Hierarchical Feature Fusion of Transformer with Patch Dilating for Remote Sensing Scene Classification
Xiaoning Chen,Mingyang Ma,Yong Li,Shaohui Mei,Zonghao Han,Jian Zhao,Wei Cheng
DOI: https://doi.org/10.1109/tgrs.2023.3331880
IF: 8.2
2023-01-01
IEEE Transactions on Geoscience and Remote Sensing
Abstract:Recently, the Transformer-based technique has emerged as a promising solution for modeling contextual information in remote sensing (RS) scenes and has found widespread applications in RS scene classification. However, how to make full use of intermediate features learned in Transformers is of crucial importance in the RS scene classification tasks. Therefore, this article proposes a hierarchical feature fusion of transformer with patch dilating (HFFT-PD), which aims to capture rich contextual information from hierarchical features to enhance the performance of RS scene classification. Specifically, the HFFT-PD model consists of a hierarchical transformer merging (HTM) block and a lightweight adaptive channel compression (LACC) module, in which the HTM is specially designed for the Transformer architecture to bridge the semantic gaps between features from different hierarchical blocks, and the LACC accounts for the significance of distinct channels in the ultimate classification features. In addition, a brand-new Patch Dilating strategy is uniquely designed for the Transformer paradigm, functioning as a reassembly operator predicated on patch features. Contrasting with conventional upsampling techniques, Patch Dilating facilitates upsampling without requiring supplementary information, while concurrently preserving the semantic content of local spatial structure.

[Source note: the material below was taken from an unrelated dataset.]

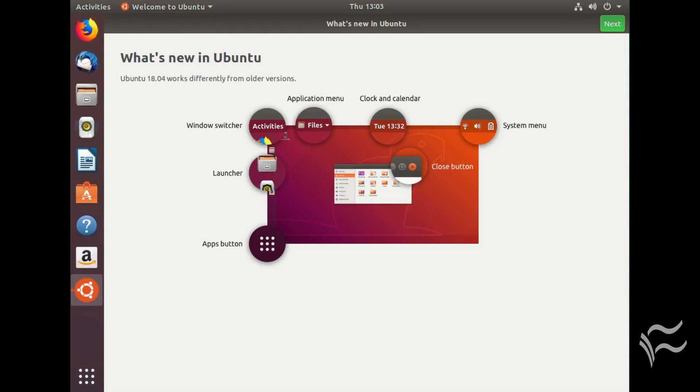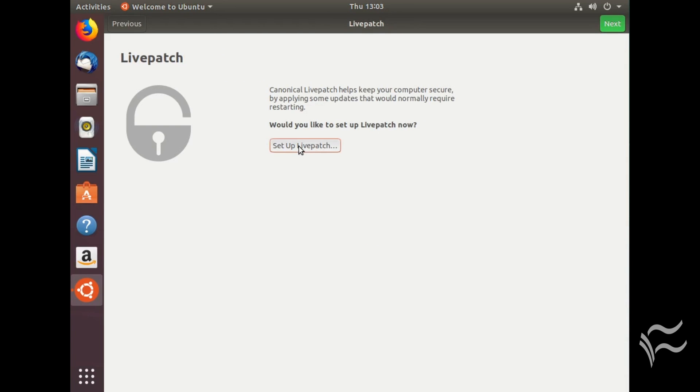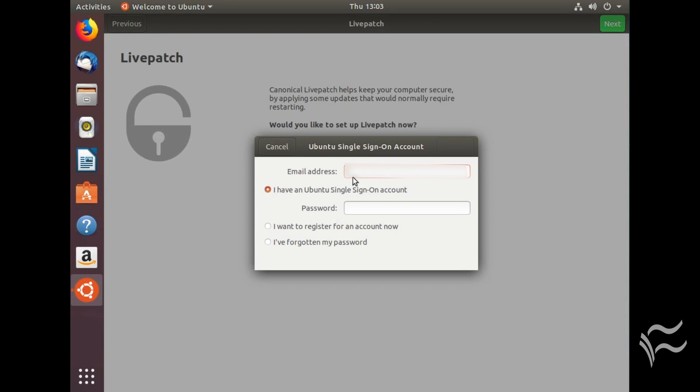Upon first login, you'll be greeted by a help window that describes some of the new desktop features. In the window, click the Next button in the upper right corner. Once past that screen, you'll see the Livepatch window. In that screen, click Setup Livepatch and click Next.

Extensive and rigorous experiments conducted on the UC Merced land-use dataset (UCM), aerial image dataset (AID), and NWPU-45 datasets, with training ratios of 80%, 50%, and 20%, respectively, demonstrate that our proposed HFFT-PD outperforms the baseline at least by 0.59%, 0.44%, and 0.99%, respectively, showcasing the significant superiority of our HFFT-PD over contemporary state-of-the-art methodologies.